ひと雫おちたなら

「……退学した?」

私はもう、呆気にとられてそれ以上の言葉を発することができなかった。
ぐるぐると視界が揺れて、なにがなんだか分からない真っ暗な空間に放り込まれたような感覚になる。

隣に立っていた瑠美がいち早く私の気持ちを代弁する。

「なに?どういうこと?大学やめたのも、家庭の事情ってわけ?」

「家庭の事情っていうか…」


食堂で私たちにつかまっていたのは、睦くんとよく一緒にいるところを見かけたことのある二人の男子学生たち。彼らもまた、絵画学科で油絵を専攻しているらしい。

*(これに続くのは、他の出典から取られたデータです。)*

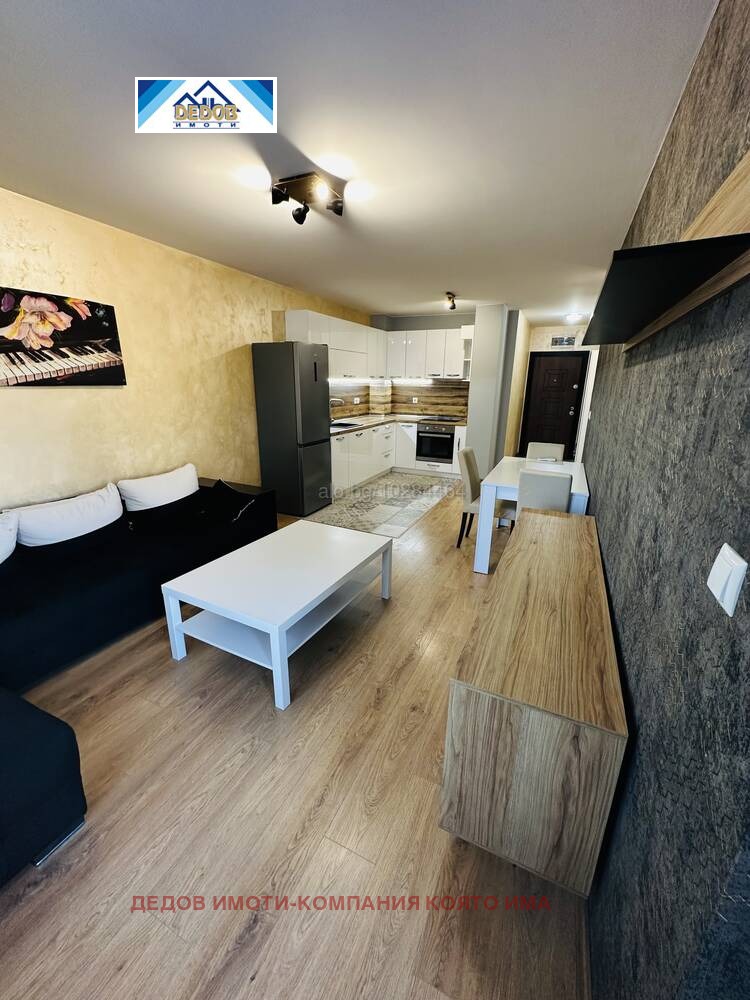 Vuokrattavana  1 makuuhuone Stara Zagora , Kazanski - iztok , 70 neliömetriä | 61091372 - kuva [5]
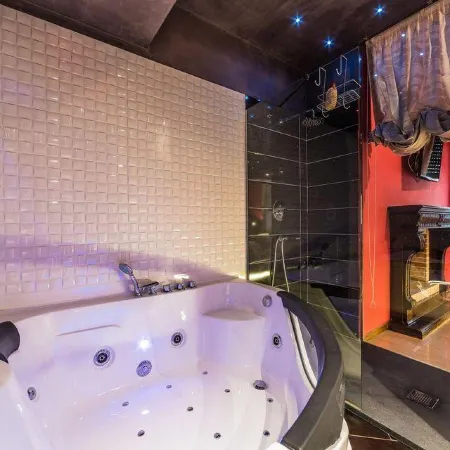 Villa Domus Salento Suites & Rooms Con Parcheggio Privato in Loco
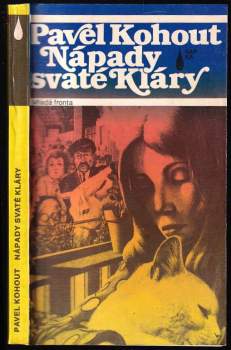 Nápady svaté Kláry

先輩二人のただならぬ様子に、若干の戸惑いは感じているらしかったが、一人が「俺たちもよく分からないんですけど」と話し出す。

「本人は去年の秋くらいからやめるかずっと迷ってたんです。絵を描くのは趣味の方が性に合ってるかも、って」

「家庭の事情じゃなくて?」

「家は別に…分かんないですけど、普通に円満なんじゃないのかなあ。聞いたことないです」

「……ねえ、きみたち睦くんの連絡先、知ってるよね?ちょっと聞いてもいいかな」

本人に聞いたほうが早いと思ったのか、名案を思いついたとばかりに瑠美が二人の後輩ににっこりと笑いかける。
慌ててそれを止めた。

「瑠美、それはいいよ」

「え、なんで、ちゃんと話したほうがよくない?」

「それが嫌だから何も言わずにいなくなったんだと思うんだよね」


私たちが話している中、先ほどの睦くんの友達の一人が私へと歩み寄り、探るように見つめてきた。

「田中ゆかり先輩ですよね?」

「あ、うん、そう。田中です」

「これ、睦から預かってるので、あとで読んでください」

手紙とはまた違うような、小さく折りたたんだメモ紙。
ここですぐに開いて読みたいのを我慢して、ありがとうとお礼を告げた。